Showing 9 changed files with 115 additions and 71 deletions.
diff --git a/marker/converters/pdf.py b/marker/converters/pdf.py
@@ -17,6 +17,7 @@
 from marker.processors.footnote import FootnoteProcessor
 from marker.processors.ignoretext import IgnoreTextProcessor
 from marker.processors.line_numbers import LineNumbersProcessor
+from marker.processors.list import ListProcessor
 from marker.processors.page_header import PageHeaderProcessor
 from marker.processors.sectionheader import SectionHeaderProcessor
 from marker.processors.table import TableProcessor
@@ -58,6 +59,7 @@ def __init__(self, artifact_dict: Dict[str, Any], processor_list: List[str] | No
                 TableProcessor,
                 SectionHeaderProcessor,
                 TextProcessor,
+                ListProcessor,
                 CodeProcessor,
                 DocumentTOCProcessor,
                 IgnoreTextProcessor,

diff --git a/marker/processors/list.py b/marker/processors/list.py
@@ -0,0 +1,43 @@
+import math
+
+from marker.processors import BaseProcessor
+from marker.schema import BlockTypes
+from marker.schema.document import Document
+
+
+class ListProcessor(BaseProcessor):
+    """
+    A processor for merging lists across pages and columns
+    """
+    block_types = (BlockTypes.ListGroup,)
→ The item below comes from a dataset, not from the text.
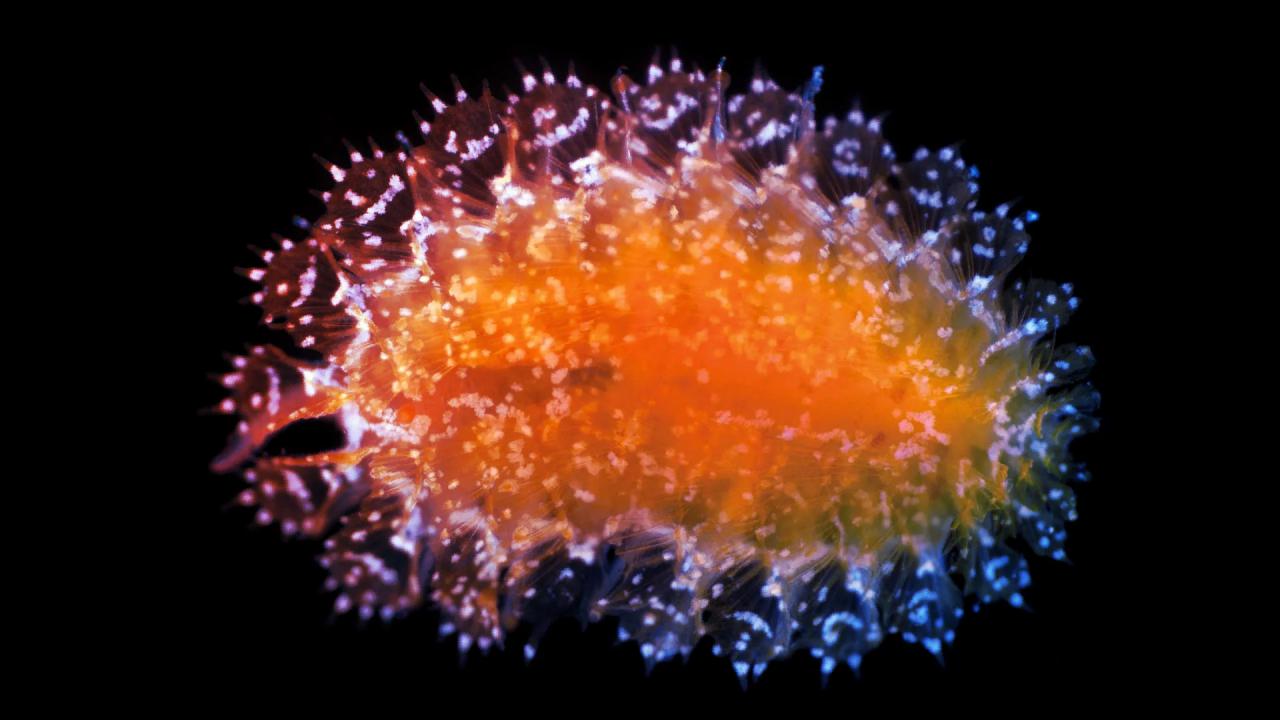 Az óceán mélyén tizennégy furcsa fajt fedeztek fel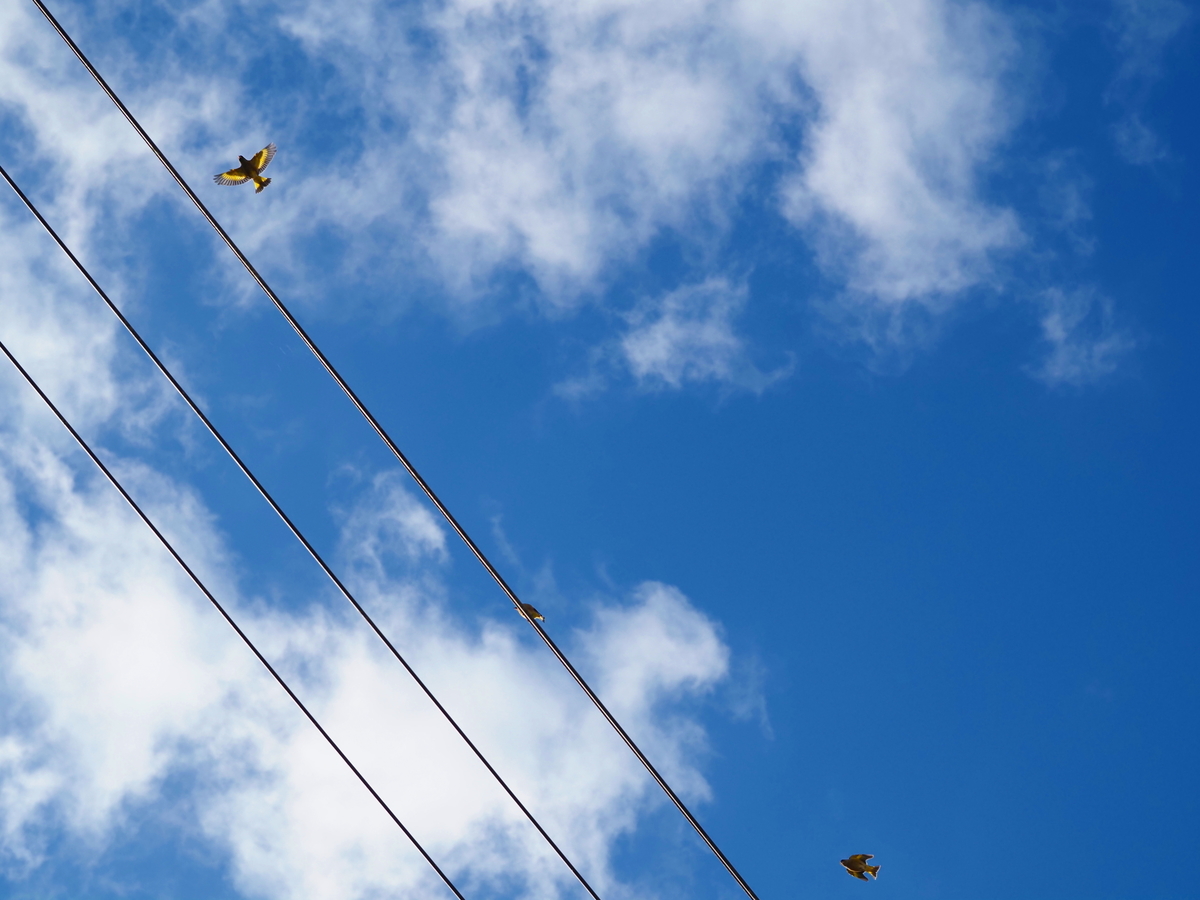 f:id:nekopictures:20191224212846j:plain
+    ignored_block_types = (BlockTypes.PageHeader, BlockTypes.PageFooter)
+
+    def __init__(self, config):
+        super().__init__(config)
+
+    def __call__(self, document: Document):
+        for page in document.pages:
+            for block in page.contained_blocks(document, self.block_types):
+                next_block = document.get_next_block(block, self.ignored_block_types)
+                if next_block is None:
+                    continue
+                if next_block.block_type not in self.block_types:
+                    continue
+                if next_block.structure is None:
+                    continue
+                if next_block.ignore_for_output:
+                    continue
+
+                column_break, page_break = False, False
+                next_block_in_first_quadrant = False
+
+                if next_block.page_id == block.page_id: # block on the same page
+                    # we check for a column break
+                    column_break = next_block.polygon.y_start <= block.polygon.y_end
+                else:
+                    page_break = True
+                    next_page = document.get_page(next_block.page_id)
+                    next_block_in_first_quadrant = (next_block.polygon.x_start < next_page.polygon.width // 2) and \
+                                        (next_block.polygon.y_start < next_page.polygon.height // 2)
+
+                block.has_continuation = column_break or (page_break and next_block_in_first_quadrant)
diff --git a/marker/processors/text.py b/marker/processors/text.py
@@ -33,70 +33,42 @@ def __call__(self, document: Document):
 
                 if not len(block.structure) >= 2:  # Skip single lines
                     continue
-
+
+                next_block = document.get_next_block(block, self.ignored_block_types)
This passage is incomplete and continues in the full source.